Ritu Chopra, assistant professor of research in the School of Education, works with a early childhood education teacher from Aurora Community College
Ritu Chopra, assistant professor of research in the SEHD, works with an ECE faculty member from Aurora Community College.

Prioritizing early childhood education

January 9, 2020

You don’t have to be a parent or pedagogy scholar to know that early childhood education (ECE) has a huge impact on young children’s growth and development. Despite that, much of the current ECE workforce is not trained to fully serve all young children. 

Ritu Chopra, PhD, executive director of The Paraprofessional Research and Resource (PAR2A) Center, and her colleagues in the School of Education & Human Development are working to solve this problem through a project called Ensuring Preparation of InClusive Early Childhood Educators (EPIC-ECE).

With funding from the U.S. Department of Education Office of Special Education Programs, EPIC-ECE seeks to address the need for a well-prepared ECE workforce to give children ages 0-8, including those with disabilities, and their families a meaningful ECE experience. The 5-year project builds on the previous work of The PAR2A Center and connects CU Denver education scholars with ECE faculty at four area community colleges: Arapahoe Community College (ACC), Community College of Aurora (CCA), Pikes Peak community College (PPCC) and Red Rocks Community College (RRCC). 

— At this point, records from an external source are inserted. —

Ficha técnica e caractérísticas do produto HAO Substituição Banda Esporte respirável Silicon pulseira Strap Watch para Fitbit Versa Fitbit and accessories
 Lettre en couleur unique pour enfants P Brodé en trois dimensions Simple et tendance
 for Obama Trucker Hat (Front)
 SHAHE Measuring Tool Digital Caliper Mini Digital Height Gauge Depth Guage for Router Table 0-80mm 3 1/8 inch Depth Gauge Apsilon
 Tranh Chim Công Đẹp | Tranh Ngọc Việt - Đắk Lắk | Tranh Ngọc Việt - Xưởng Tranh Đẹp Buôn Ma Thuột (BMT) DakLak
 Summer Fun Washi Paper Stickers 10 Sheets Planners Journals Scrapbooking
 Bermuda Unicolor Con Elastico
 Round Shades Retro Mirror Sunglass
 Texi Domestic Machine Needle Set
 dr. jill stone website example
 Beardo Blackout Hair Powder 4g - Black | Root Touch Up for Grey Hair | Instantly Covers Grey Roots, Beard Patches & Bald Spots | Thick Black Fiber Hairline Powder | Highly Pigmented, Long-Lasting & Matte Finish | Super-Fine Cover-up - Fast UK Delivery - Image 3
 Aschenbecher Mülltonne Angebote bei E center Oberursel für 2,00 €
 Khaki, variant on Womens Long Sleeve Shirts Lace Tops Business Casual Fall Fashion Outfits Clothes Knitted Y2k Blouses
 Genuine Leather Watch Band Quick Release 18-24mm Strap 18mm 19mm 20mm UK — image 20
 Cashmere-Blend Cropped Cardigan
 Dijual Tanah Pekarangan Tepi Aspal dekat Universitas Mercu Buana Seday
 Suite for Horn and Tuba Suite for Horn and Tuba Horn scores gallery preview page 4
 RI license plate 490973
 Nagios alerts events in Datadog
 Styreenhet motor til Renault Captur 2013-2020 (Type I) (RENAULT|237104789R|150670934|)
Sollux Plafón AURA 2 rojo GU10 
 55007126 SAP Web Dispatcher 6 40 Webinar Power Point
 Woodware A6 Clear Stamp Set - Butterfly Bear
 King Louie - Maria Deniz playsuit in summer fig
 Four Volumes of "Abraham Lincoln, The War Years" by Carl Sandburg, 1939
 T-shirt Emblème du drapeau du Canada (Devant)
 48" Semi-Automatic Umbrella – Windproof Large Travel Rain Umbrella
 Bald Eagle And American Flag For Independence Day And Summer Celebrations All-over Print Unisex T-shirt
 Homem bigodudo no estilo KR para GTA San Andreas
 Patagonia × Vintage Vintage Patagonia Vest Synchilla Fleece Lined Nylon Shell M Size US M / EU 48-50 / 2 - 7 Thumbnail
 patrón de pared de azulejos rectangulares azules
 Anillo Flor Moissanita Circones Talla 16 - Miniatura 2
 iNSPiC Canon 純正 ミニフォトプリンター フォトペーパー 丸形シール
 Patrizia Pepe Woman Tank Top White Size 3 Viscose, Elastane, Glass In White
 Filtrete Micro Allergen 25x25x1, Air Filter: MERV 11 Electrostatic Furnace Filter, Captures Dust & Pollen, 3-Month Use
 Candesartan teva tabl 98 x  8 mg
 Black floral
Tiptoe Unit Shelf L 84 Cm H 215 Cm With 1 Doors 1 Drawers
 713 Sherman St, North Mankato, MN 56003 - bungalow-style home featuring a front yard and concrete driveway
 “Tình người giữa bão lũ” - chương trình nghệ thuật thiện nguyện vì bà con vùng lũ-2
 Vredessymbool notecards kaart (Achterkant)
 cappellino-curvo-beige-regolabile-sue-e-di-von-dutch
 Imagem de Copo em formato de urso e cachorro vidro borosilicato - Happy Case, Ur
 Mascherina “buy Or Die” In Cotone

“Together, we are enhancing the capacity of the ECE workforce to be effective for students with disabilities and making sure that families and students are being served well and meaningfully included in education settings,” Chopra said.

Preparing ECE personnel to serve young children with disabilities

“Research tells us that the current ECE workforce is not prepared to teach and support diverse children and families, including young children with disabilities,” said Chopra, the principal investigator (PI) for EPIC-ECE.

According to a national study, only 17 percent of the ECE workforce feels competent in fully supporting students with disabilities.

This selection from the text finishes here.